I took a BazBus for the first time since I came to South Africa to go to East London.
Honestly speaking, I didn't like it at all. It was just a tour-bus for young / inexperienced backpackers and no local South Africans seemed to be travelling on this bus. Furthermore, all the seats were not reclinable and the driver was constantly advertising tours for Cape Town with a loud speaker! The only good thing about BazBus was that they did a door-to-door service.


The photo below shows the house in Transkei where Nelson Mandela currently lives.
A pity that it was a bit rainy and the sky was hazy, but Transkei was beautiful with vast greenish lands and deep valleys.


It took me over 12 hours from Durban to East London by BazBus.
Sugar Shack located right in front of the main beach of East London was where I stayed for three nights.

Andre - the owner of Sugar Shack - was very kind to drive me to Yellow Sands on my first day in East London.
Yellow Sands is a river-mouth just outside East London. It doesn't look really good in the photo below, but I actually had some fast and hollow waves here, very typical river-mouth waves with only Andre, two of Andre's friends and me in the water. And no shark sightings while we were out there!


The wind direction wasn't right on the second day and it was predicted to be much windier in the afternoon. No surfing but Andre drove me to the museum of East London where there was one thing I was very interested in checking out.


It was this enigmatic fish (?) called "Coelacanth" shown in the photo below. It was discovered in the 1930s here in East London and has become the main attraction of this museum ever since then.
I remember becoming very intrigued in this ugly species when I was a kid as the mummified version of a coelacanth was brought to my hometown for public display then. Luckily, I've never become geeky about fish, though.

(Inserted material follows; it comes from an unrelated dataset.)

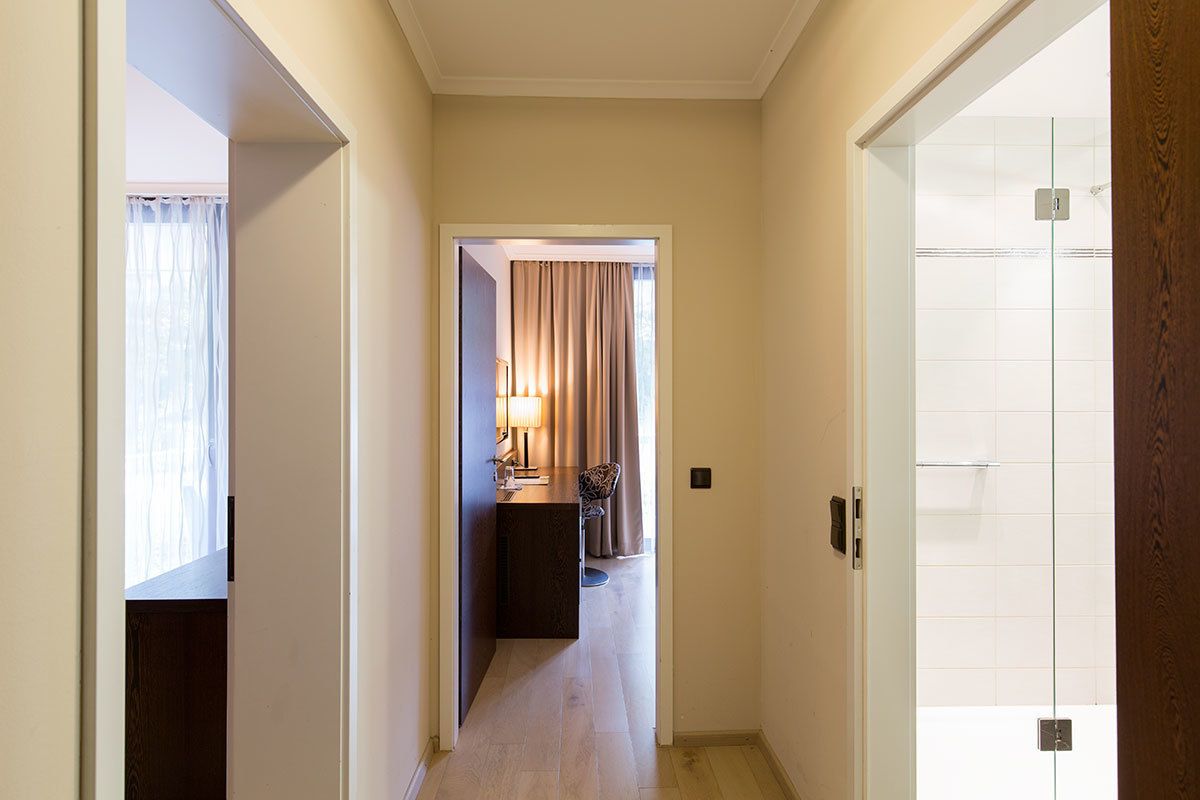Un pasillo estrecho que conduce a un baño con ducha y un pequeño rincón de descanso con mesa y silla.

Later in the morning, I strolled around downtown East London, aka Buffalo City. Nothing really interesting for me to see and no buffaloes in the city. Instead, a number of South Africans were demonstrating like buffaloes on the main street.

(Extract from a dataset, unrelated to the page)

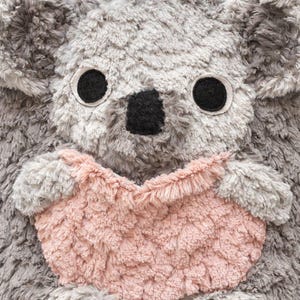 K&ouml;nnte beinhalten: Ein Pl&uuml;sch-Koala mit grauem Fell, gro&szlig;en schwarzen Augen und einer schwarzen Nase. Der Koala h&auml;lt ein herzf&ouml;rmiges Objekt in Rosa. Das Spielzeug hat ein weiches, strukturiertes Aussehen, was auf ein kuscheliges Design hindeutet.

The photo below shows the main beach of East London.
I never surfed at this beach but saw a few guys in the water today. Sugar Shack is located right in front of this beach.


The wind eased off on the third day and Andre drove me to Nafoon Reef - one of the world-class surf-spots in South Africa and it's seriously sharky.
The photo below was taken before we paddled out. It was very very low-tide and the waves weren't big at all, about max 3ft on sets then. No crowds and no sharks in sight today.
Even under Andre's expert guidance it took me a little while to position myself for a proper take-off on the peak here at Nafoon. Waves weren't powerful enough but running long. Like surfing at Yellow Sands two days ago, I had some good fun waves here.


Many many thanks to the owner of Sugar Shack - Andre. He sort of took me under his wings, and despite the fact that I only spent three days in East London, I made the most of it in terms of surfing in this little city.
East London is somehow very little known by international surfers, but this city is definitely a swell magnet. If you ever stop in East London, I highly recommend that you stay in Sugar Shack. Watch out for some suspicious shadows in the water, though!